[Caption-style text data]
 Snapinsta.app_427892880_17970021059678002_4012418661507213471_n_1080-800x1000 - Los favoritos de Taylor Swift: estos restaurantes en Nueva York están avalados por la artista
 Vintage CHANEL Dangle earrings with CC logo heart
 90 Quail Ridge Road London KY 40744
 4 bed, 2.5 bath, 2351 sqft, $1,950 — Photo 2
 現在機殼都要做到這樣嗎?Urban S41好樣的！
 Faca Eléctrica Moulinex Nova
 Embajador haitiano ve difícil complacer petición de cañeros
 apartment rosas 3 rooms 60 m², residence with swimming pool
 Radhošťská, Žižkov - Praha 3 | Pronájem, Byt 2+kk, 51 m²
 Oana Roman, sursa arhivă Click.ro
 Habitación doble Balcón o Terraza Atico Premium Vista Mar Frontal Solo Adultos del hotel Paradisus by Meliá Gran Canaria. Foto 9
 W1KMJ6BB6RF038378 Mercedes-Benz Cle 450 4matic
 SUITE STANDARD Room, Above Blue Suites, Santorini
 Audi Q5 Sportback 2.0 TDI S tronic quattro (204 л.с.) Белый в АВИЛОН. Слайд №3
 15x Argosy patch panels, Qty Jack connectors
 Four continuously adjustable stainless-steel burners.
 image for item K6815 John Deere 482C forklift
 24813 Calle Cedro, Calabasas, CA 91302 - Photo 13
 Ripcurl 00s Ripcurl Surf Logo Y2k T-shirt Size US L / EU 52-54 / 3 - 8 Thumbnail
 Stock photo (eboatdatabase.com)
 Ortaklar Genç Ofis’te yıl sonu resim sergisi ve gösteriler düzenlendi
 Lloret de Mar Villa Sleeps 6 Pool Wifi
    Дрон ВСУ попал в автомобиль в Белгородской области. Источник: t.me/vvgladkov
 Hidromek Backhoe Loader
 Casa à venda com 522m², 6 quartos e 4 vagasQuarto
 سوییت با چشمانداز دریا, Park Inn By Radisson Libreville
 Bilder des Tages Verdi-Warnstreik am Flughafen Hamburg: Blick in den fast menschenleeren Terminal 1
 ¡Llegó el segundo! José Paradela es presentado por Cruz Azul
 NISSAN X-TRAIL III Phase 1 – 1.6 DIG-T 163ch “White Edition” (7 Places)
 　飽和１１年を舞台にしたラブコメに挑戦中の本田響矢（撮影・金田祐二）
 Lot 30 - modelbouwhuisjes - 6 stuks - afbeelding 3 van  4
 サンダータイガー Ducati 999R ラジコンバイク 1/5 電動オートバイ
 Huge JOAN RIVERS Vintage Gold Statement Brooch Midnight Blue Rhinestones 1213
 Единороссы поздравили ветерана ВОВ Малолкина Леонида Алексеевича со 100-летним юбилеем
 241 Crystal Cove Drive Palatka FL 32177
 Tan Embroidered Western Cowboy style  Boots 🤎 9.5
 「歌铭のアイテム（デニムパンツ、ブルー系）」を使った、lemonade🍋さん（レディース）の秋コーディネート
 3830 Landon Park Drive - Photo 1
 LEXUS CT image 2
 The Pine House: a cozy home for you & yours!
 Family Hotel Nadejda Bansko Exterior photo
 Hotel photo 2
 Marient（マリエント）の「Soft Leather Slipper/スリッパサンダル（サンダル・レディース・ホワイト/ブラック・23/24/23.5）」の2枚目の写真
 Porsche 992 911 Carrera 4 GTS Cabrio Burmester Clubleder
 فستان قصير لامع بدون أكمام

TASK OBJECTIVE >> Working through the records, find each line containing the word "Vintage" and copy it.

RESPONSE TO THE EXERCISE >>
 Vintage CHANEL Dangle earrings with CC logo heart
 Huge JOAN RIVERS Vintage Gold Statement Brooch Midnight Blue Rhinestones 1213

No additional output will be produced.